Data:
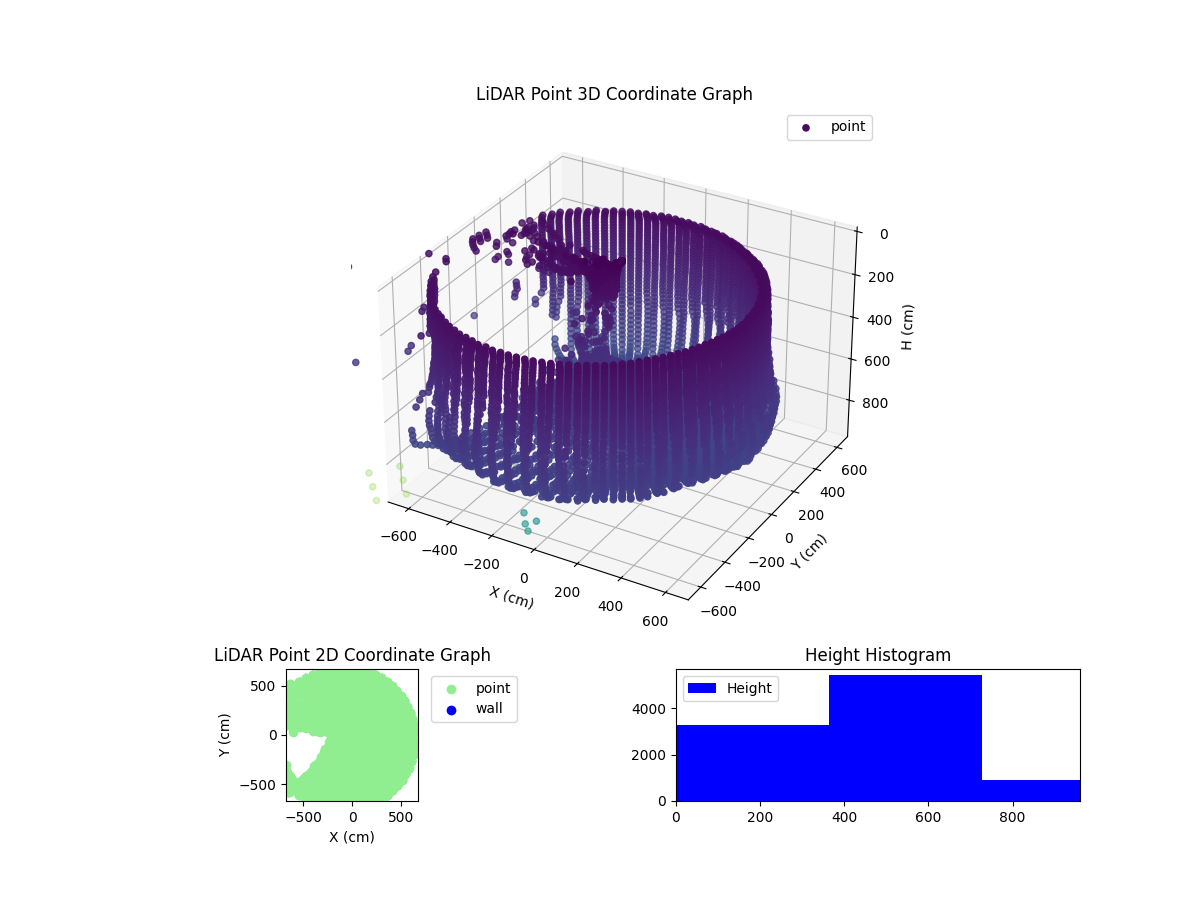 3D Plot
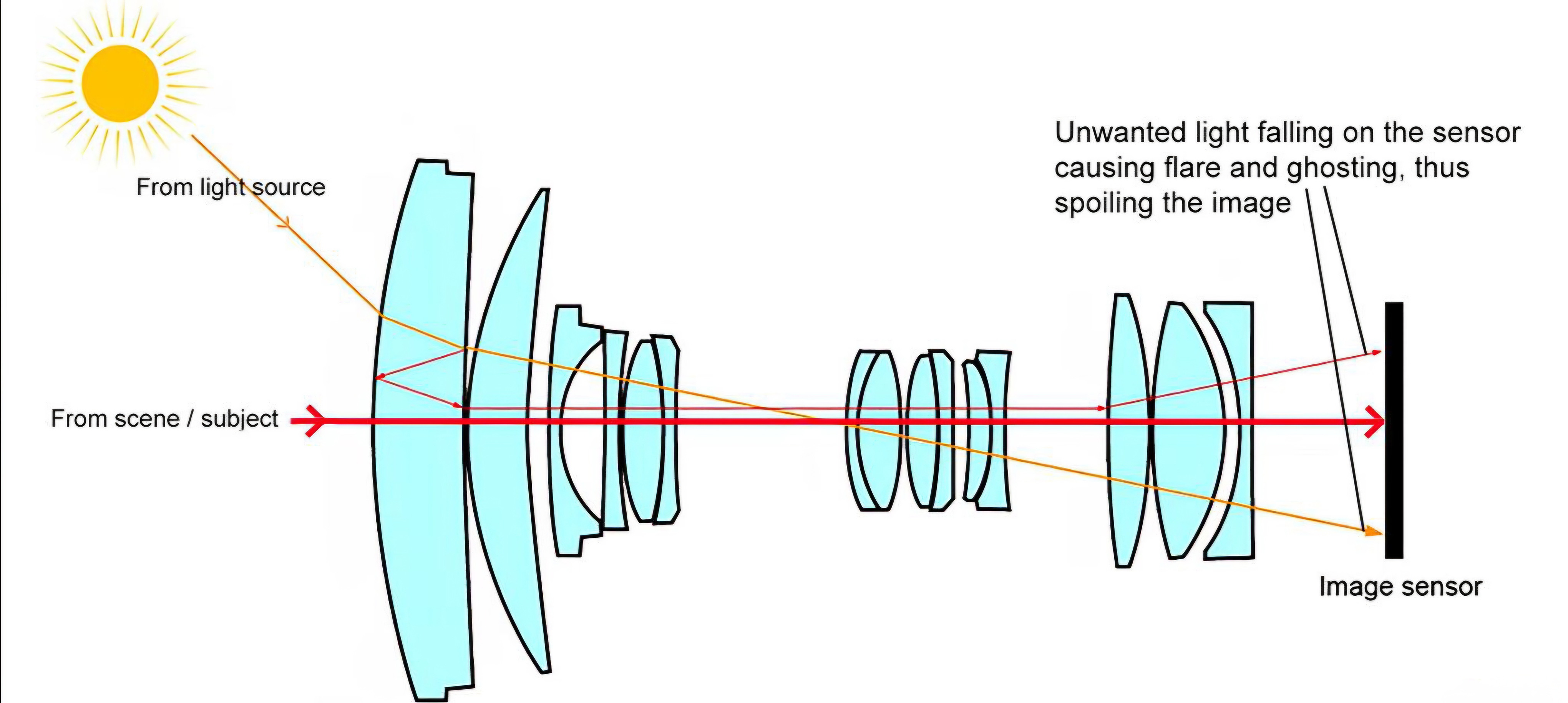 CJ_flare diagram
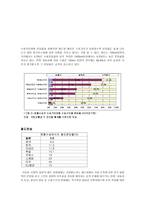 일본의 운송체계-3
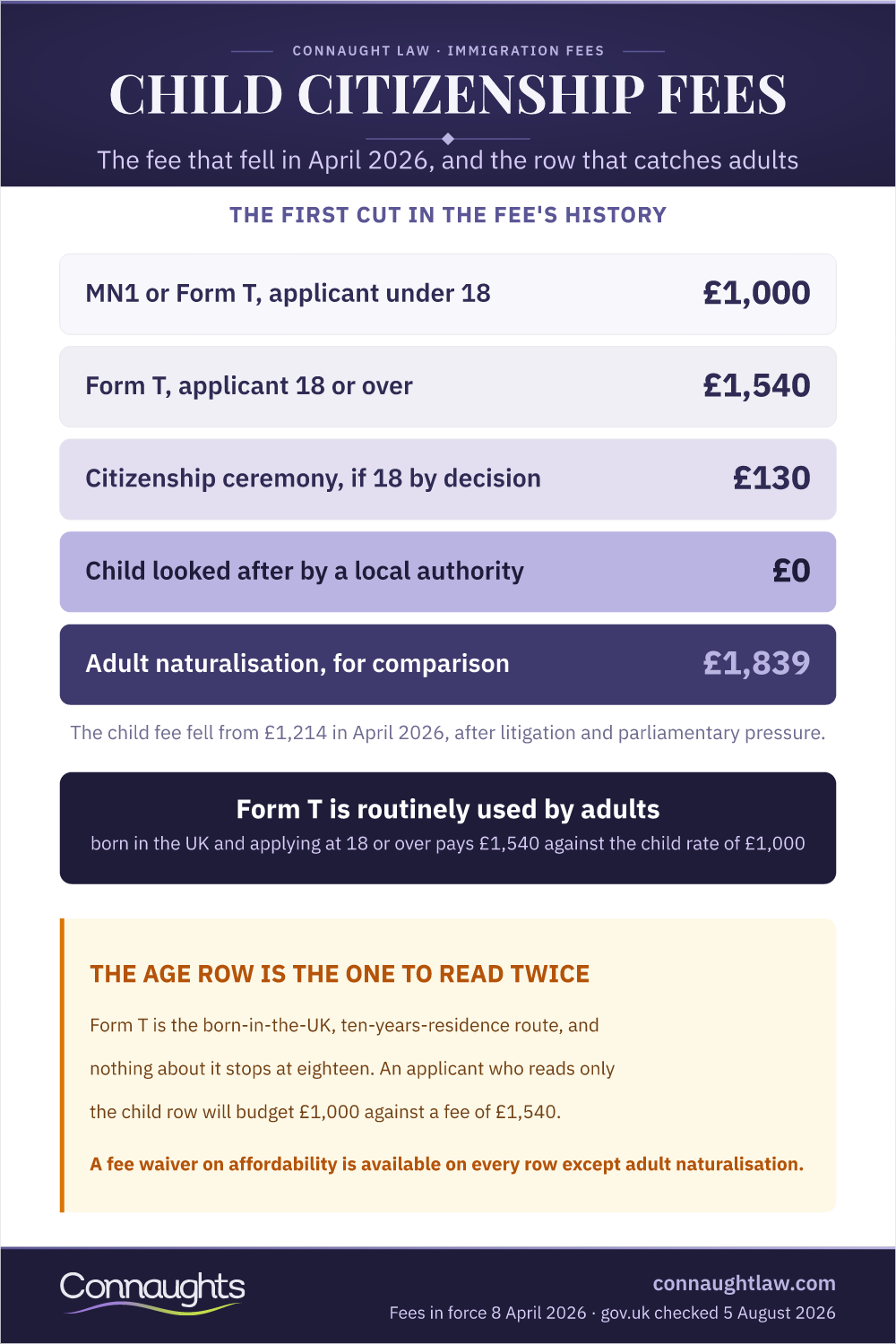 Child Citizenship Fees 2026 Child Citizenship Fees Infographic — The April 2026 Cut And The Form T Age Row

Work instruction:
Drop the pictures and reproduce the rest of the data exactly.

Expected output:
 3D Plot
 CJ_flare diagram
 일본의 운송체계-3
 Child Citizenship Fees 2026 Child Citizenship Fees Infographic — The April 2026 Cut And The Form T Age Row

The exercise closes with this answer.